Fig 2: EMT genes regulated by ROCK1/2 control amoeboid invasive features.a Heatmap displaying enrichment scores for differentially expressed EMT and metastasis-related signatures in amoeboid A375M2 cells compared to A375P cells or to A375M2 cells treated with ROCKi (H1152 and Y27632) or blebbistatin using ssGSEA. b Representative phase-contrast images of A375M2 cells on top of collagen I matrix (left) and immunoblots of p-MLC2 in A375M2 and WM1361 cells (right) after 4 h treatment with ROCKi (H1152) (n = 3). Scale bar, 50 μm. c Fold regulation of EMT-related gene expression from EMT-directed qPCR array in A375M2 and WM1361 cells treated with ROCKi (H1152) for 4 h (n = 4). d Representative confocal images of p-MLC2 and F-actin staining in WM1361 cells on collagen I matrix after WNT11 knockdown (n = 3). Scale bar, 20 μm. e Quantification of cell morphology (>280 cells pooled from n = 3) and f p-MLC2 immunofluorescence signal normalized by cell area (>85 cells pooled from n = 3) in WM1361 cells on collagen I matrix after depletion of indicated genes. g Representative confocal images (left) and quantification (right) of adhesion of WM1361 cells to a monolayer of keratinocytes after depletion of indicated genes (n = 5 for SERPINE1, n = 4 for TCF4, n = 3 for WNT11, WNT5B, AHNAK and CAV2). Scale bar, 20 μm. h Representative confocal images (left) and quantification (right) of 3D invasion index through a collagen I matrix of WM1361 cells after depletion of indicated genes (n = 3). Scale bar, 50 μm. i Summary table of amoeboid functional assays on WM1361 cells after SERPINE1, WNT11, WNT5B, AHNAK, TCF4 and CAV2 knockdown. “+” sign indicates a significant phenotype of the corresponding gene knockdown. c, g, h Graphs show mean ± s.e.m. e, f Box limits show 25th and 75th percentiles, the horizontal line shows the median, and whiskers show minimum and maximum range of values. b–h n means number of independent biological experiments. c Two-tailed t-test with Benjamini, Krieger and Yekutieli correction for multiple comparisons. e, f Kruskal–Wallis test with Benjamini, Krieger and Yekutieli correction. g, h One-way ANOVA with Benjamini, Krieger and Yekutieli correction.
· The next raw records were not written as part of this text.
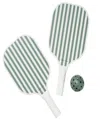 Sunnylife The Vacay Olive Pickleball Set In Multi
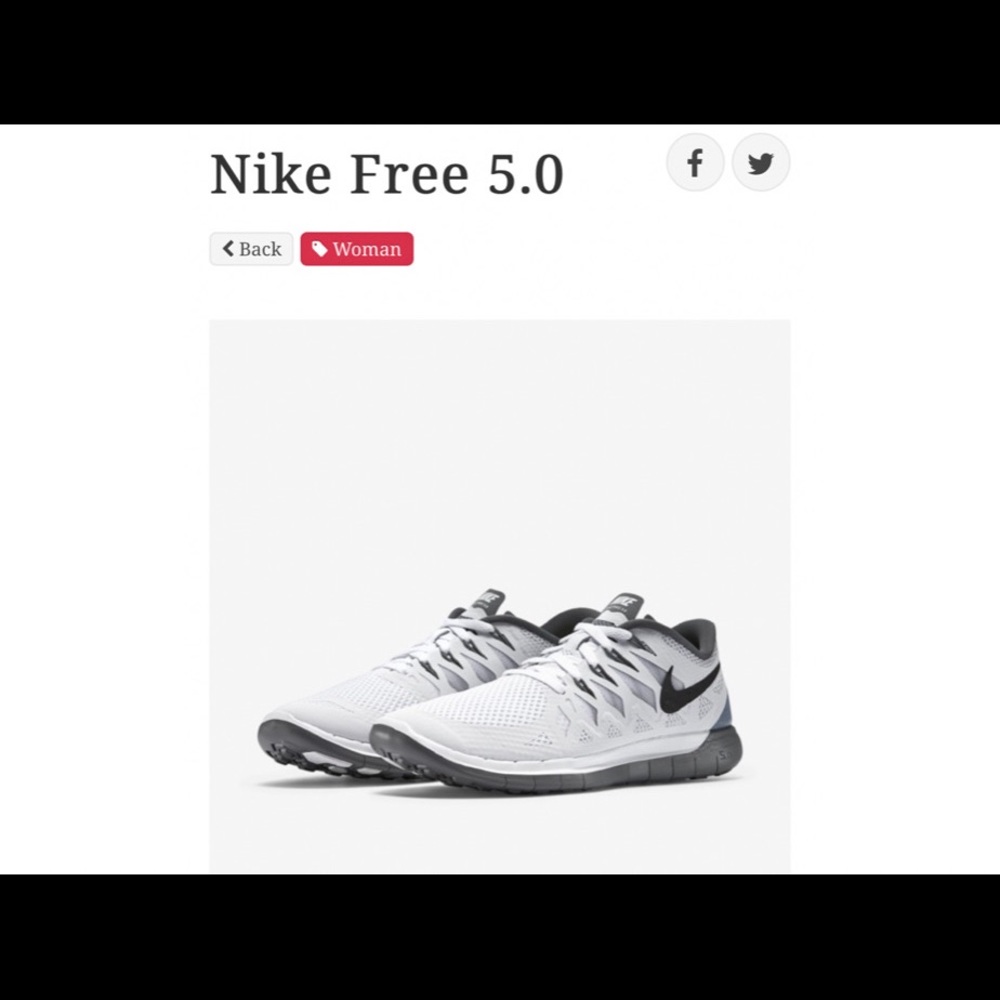 Nike Free 5.0 Womens Running shoes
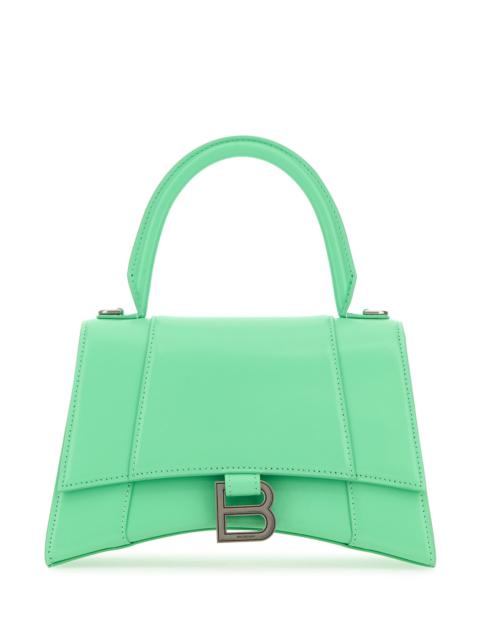 BALENCIAGA Mint green leather small Hourglass handbag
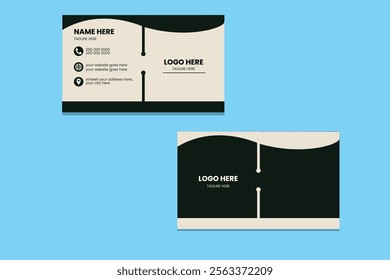 Creative and modern business card template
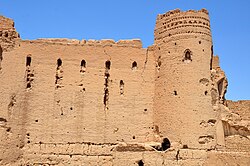 Historical castle in Fahraj, Yazd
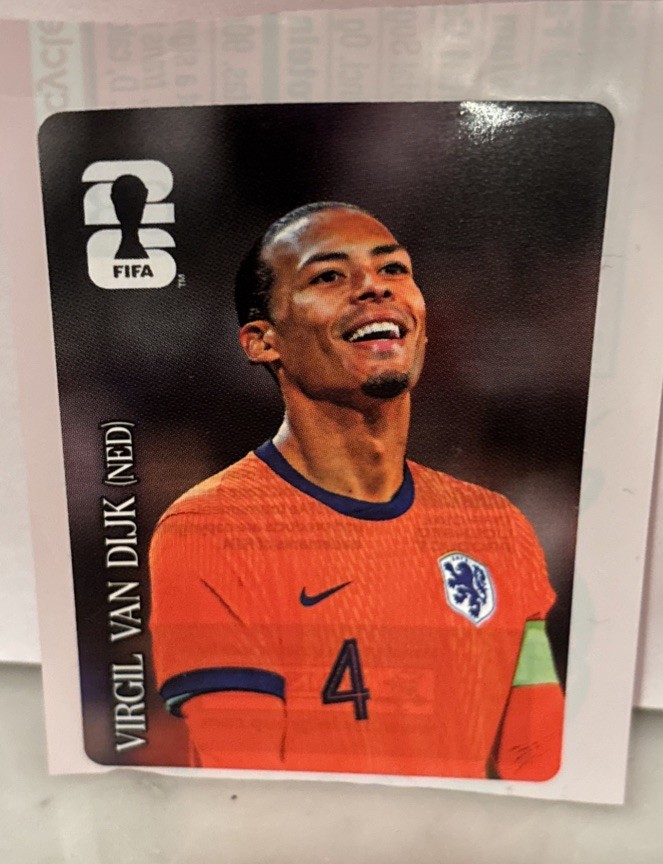 2026 Panini FIFA World Cup Coca-Cola Sticker Virgil van Dijk Netherlands #6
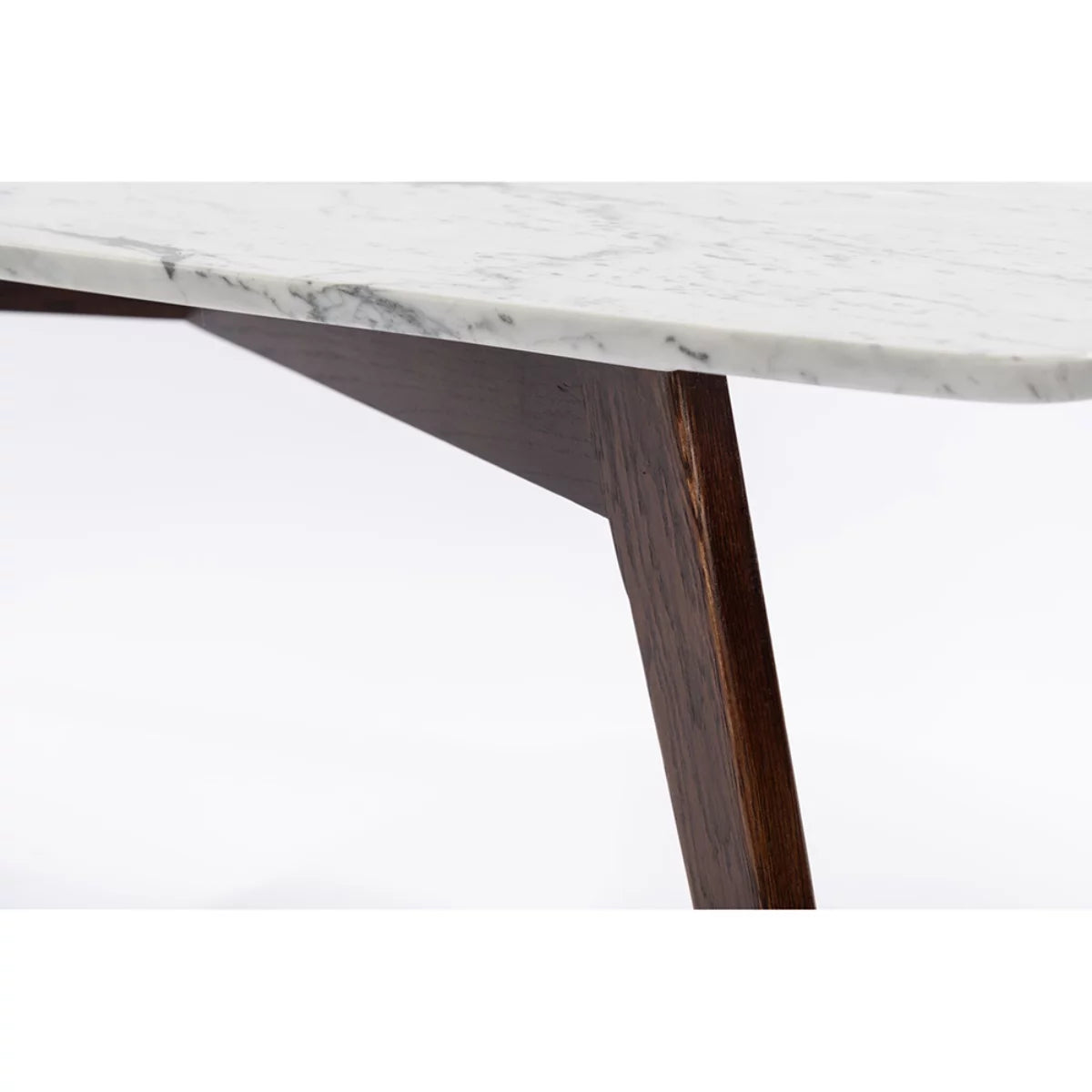 White and Brown Square Marble Coffee Table M9767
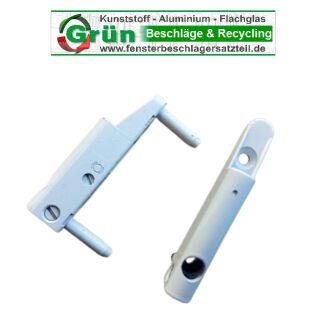 GU Eckband Einbohrband mit Bremse 75 x 11mm mit zwei Haltezapfen Ø 6 x 23 6-29660 Links - Weiß FachVR4/465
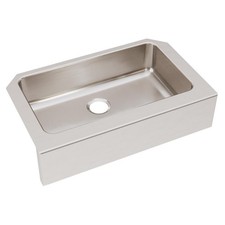 Elkay ELUHFS2816 Lustertone Stainless Steel 33" Single Bowl Farmhouse Sink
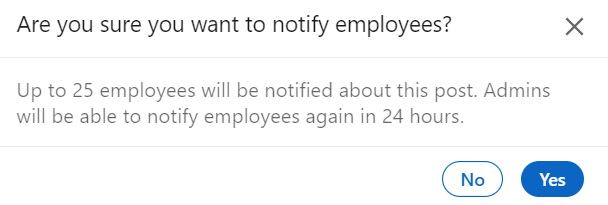 Notify Employees linkedin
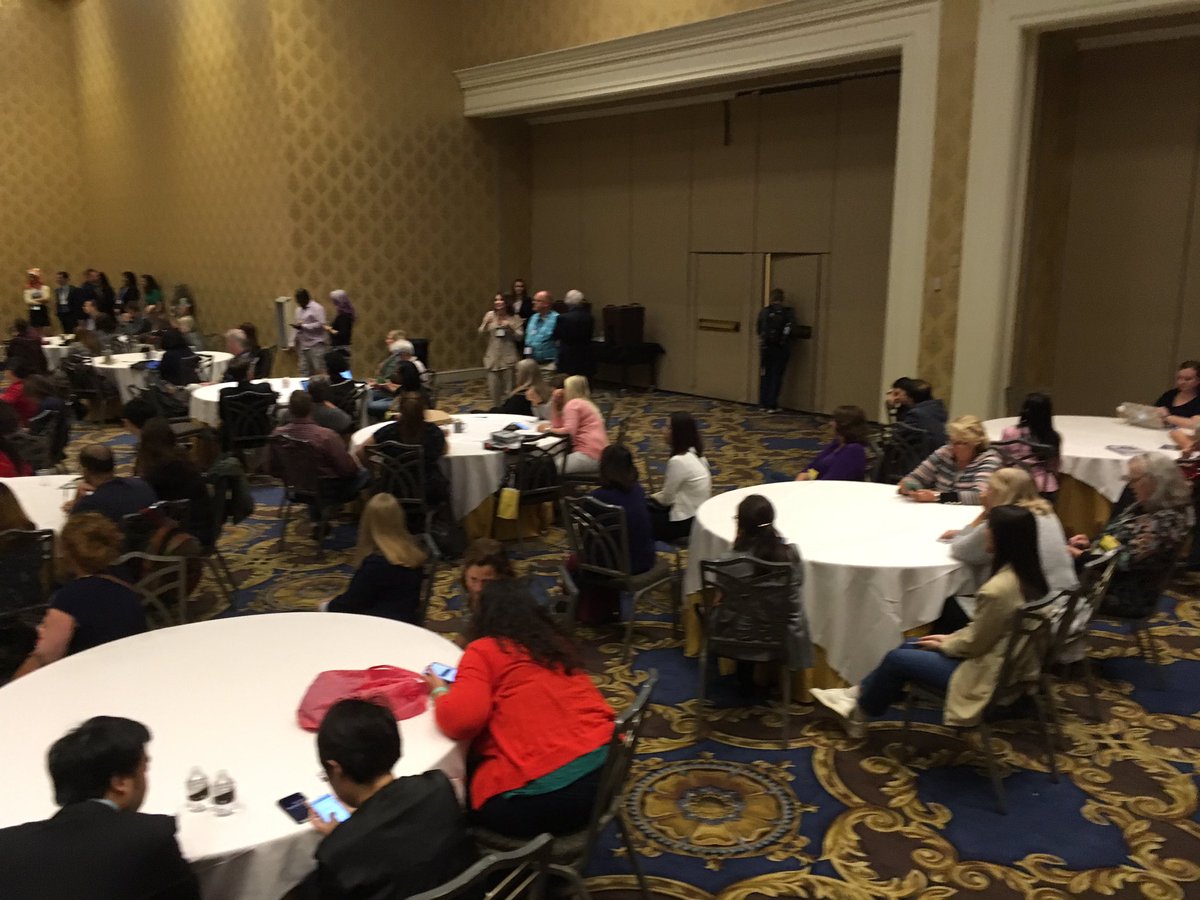 michaelmgrant's tweet photo. First-timers in the house!! And the house is full! #aect19inspired https://t.co/qJACrgbrLe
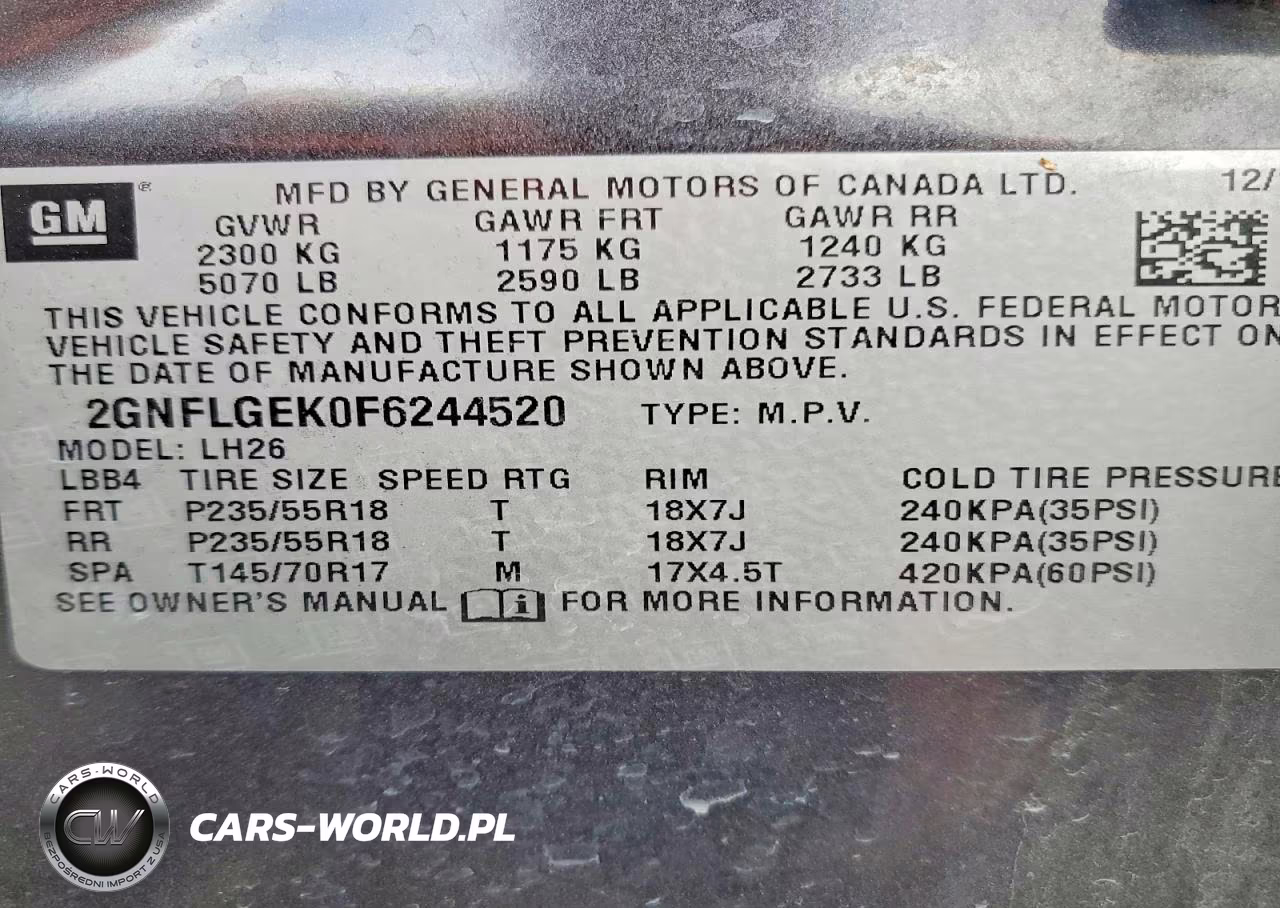 2015 Chevrolet Equinox Lt VIN:2GNFLGEK0F6244520 - 14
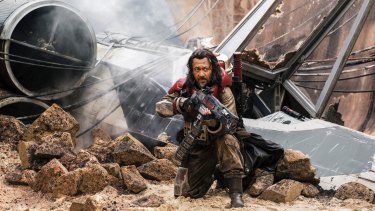 Wen Jiang as Baze Malbus in <i>Rogue One: A Star Wars Story</i>. 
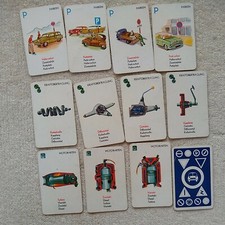 Quartettspiel Fahrschule alt Nr. 297 von Piatnik Wien aus 1966 Deckblatt fehlt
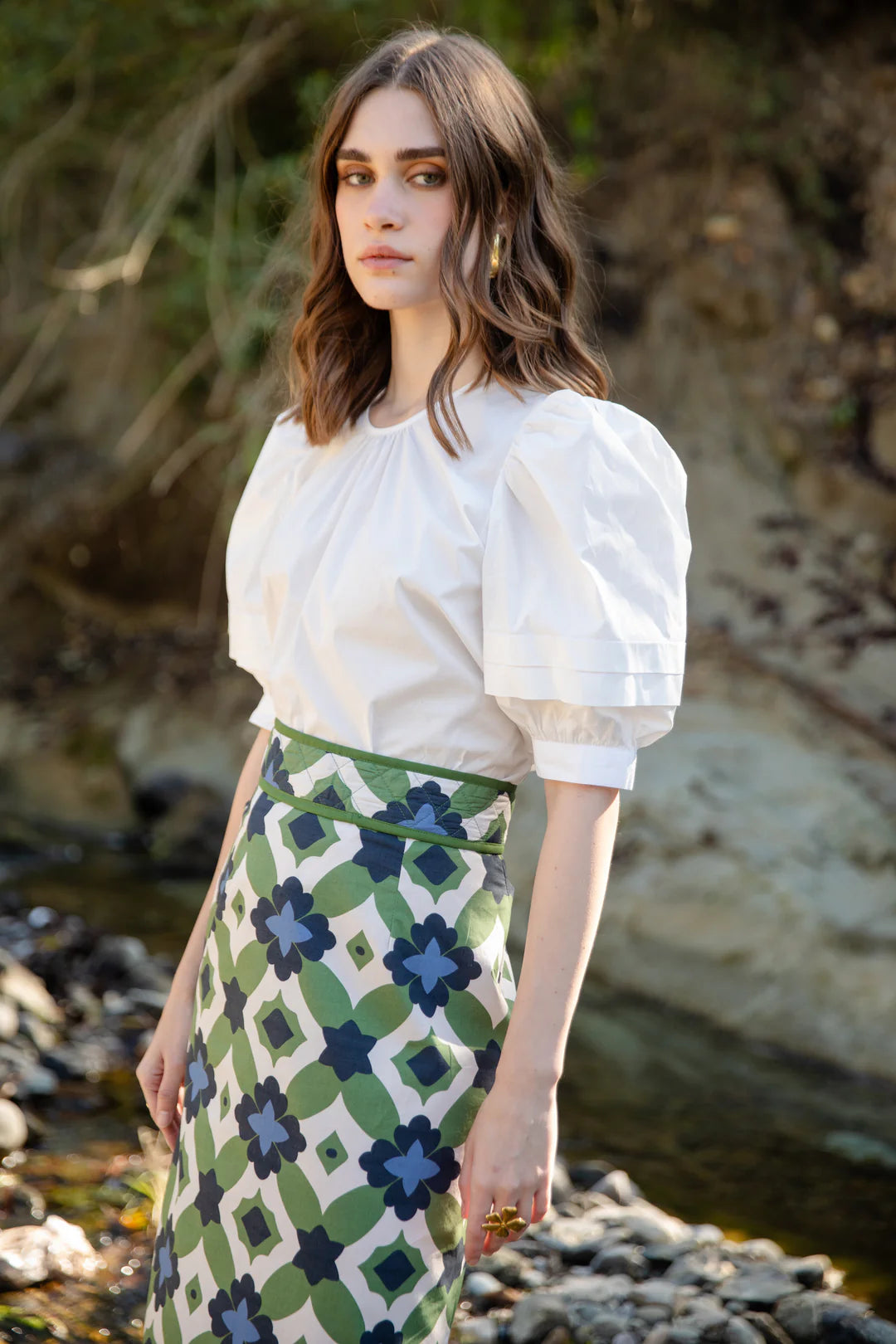 Beyond by Vera Aspen Skirt - Mosaic Green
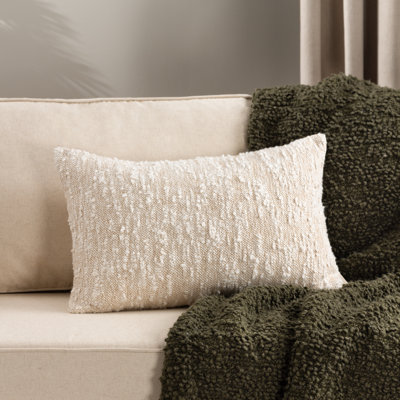 Gyula Cream Rectangular Cushion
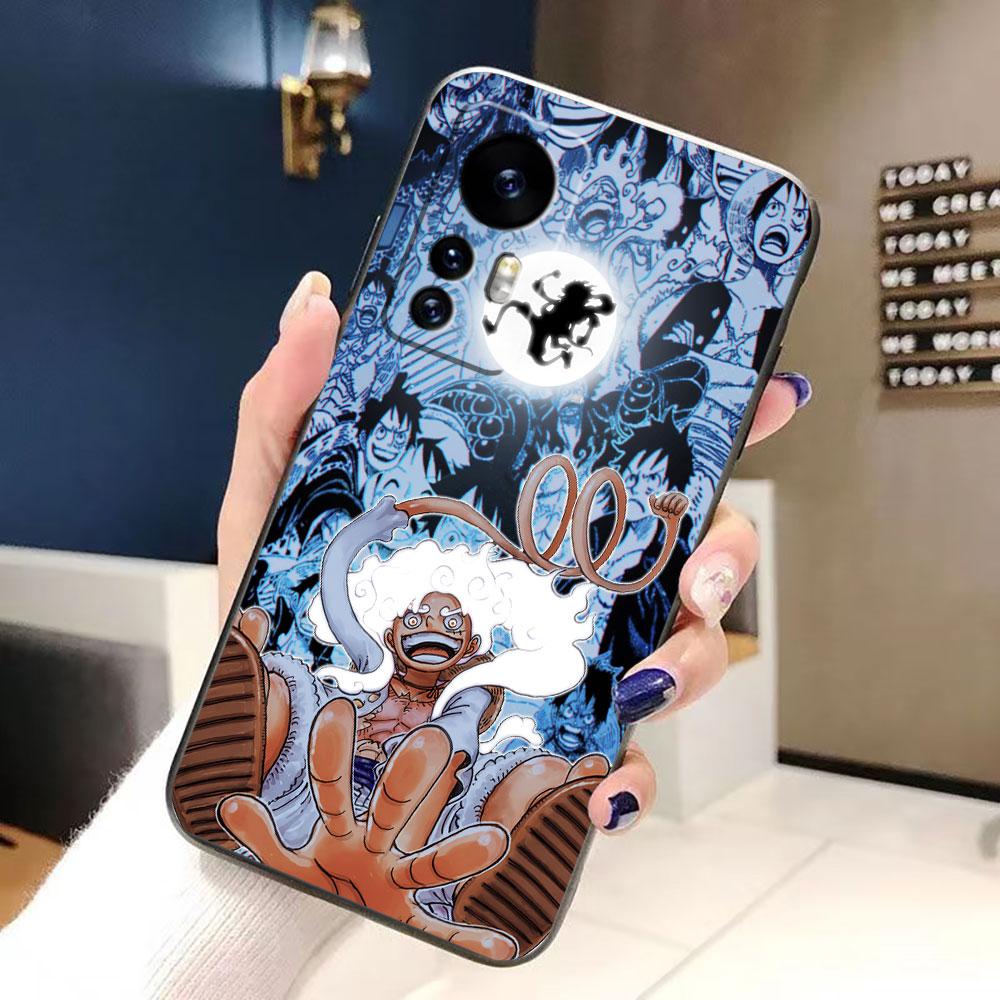 Чехол для телефона One Piece Gear 5 Luffy для Xiaomi 15 15T 14 14T 13 12T 11 11T POCO F8 F7 F6 F5 X7 X5 M6 M7 PRO Ultra DIY Чехол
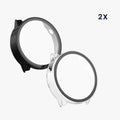 kwmobile Glas Hülle für Garmin Venu 4 41mm Schutzhülle Fullbody Fitnesstracker Case Set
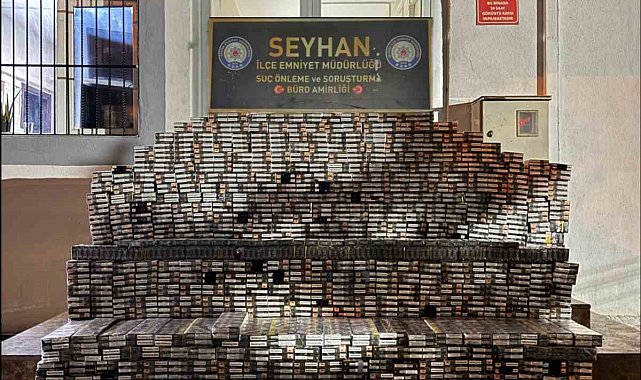 Adana&#039;da 8 bin 770 paket gümrük kaçağı sigara ele geçirildi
For all graphs, *p < 0.05, **p < 0.01, ***p < 0.001, ****p < 0.0001. The exact significant p values for *p, **p and ***p are provided in Supplementary Table 1.

Fig 3: FZD7 downstream of WNT11 supports melanosphere formation and amoeboid invasion via DAAM1.a, b Heatmap representing log2 fold change in expression of non-canonical Wnt receptors in a A375M2 cells compared to A375P cells or A375M2 cells treated with ROCKi (H1152 and Y27632) and blebbistatin and in b metastatic versus primary melanoma samples from indicated studies from GEO and TCGA databases. c–f After FZD7 or RYK knockdown in A375M2 and WM1361 cells, quantification of c sphere formation index (n = 4 for A375M2, n = 3 for WM1361), d cell viability (n = 5 for A375M2, n = 3 for WM1361), e cell morphology (>300 cells pooled from n = 3) and f p-MLC2 levels (n = 3 for A375M2, n = 4 for WM1361). g Quantification of 3D invasion index through a collagen I matrix after FZD7 knockdown in A375M2 (n = 5) and WM1361 cells (n = 3). h–j After PLCB1 or DAAM1 knockdown in A375M2 and WM1361 cells, quantification of h cell morphology (>250 cells pooled from n = 3), i sphere formation index (n = 4) and j cell viability (n = 6 for A375M2, n = 3 for WM1361). k Quantification of 3D invasion index through a collagen I matrix after DAAM1 knockdown in A375M2 (n = 4) and WM1361 cells (n = 3). l Representative phase-contrast images (left) and quantification of cell morphology (right) of A375P cells on collagen I matrix after WNT11 stimulation and PLCB1 or DAAM1 knockdown (>400 cells pooled from n = 5). Scale bar, 100 μm. m, n Representative immunoblots (top) and quantification (bottom) of m RhoA-GTP in pulldown samples and total RhoA in total lysate (n = 3) and n p-MLC2 levels (n = 4) in A375P cells after WNT11 stimulation and DAAM1 knockdown. c, d, f, g, i–k, m, n Graphs show mean ± s.e.m. e, h, l Box limits show 25th and 75th percentiles, the horizontal line shows the median, and whiskers show minimum and maximum range of values. c–n n means number of independent biological experiments. a, g, k Two-tailed t-test. b Two-tailed t-test with Welch’s correction. c, d, f, i, j One-way ANOVA with Dunnett post-hoc test. e, h Kruskal–Wallis with Dunn’s multiple comparison test. l Kruskal–Wallis test with Benjamini, Krieger and Yekutieli correction. m, n One-way ANOVA with Tukey post-hoc test. For all graphs, *p < 0.05, **p < 0.01, ***p < 0.001, ****p < 0.0001. The exact significant p values for *p, **p and ***p are provided in Supplementary Table 1.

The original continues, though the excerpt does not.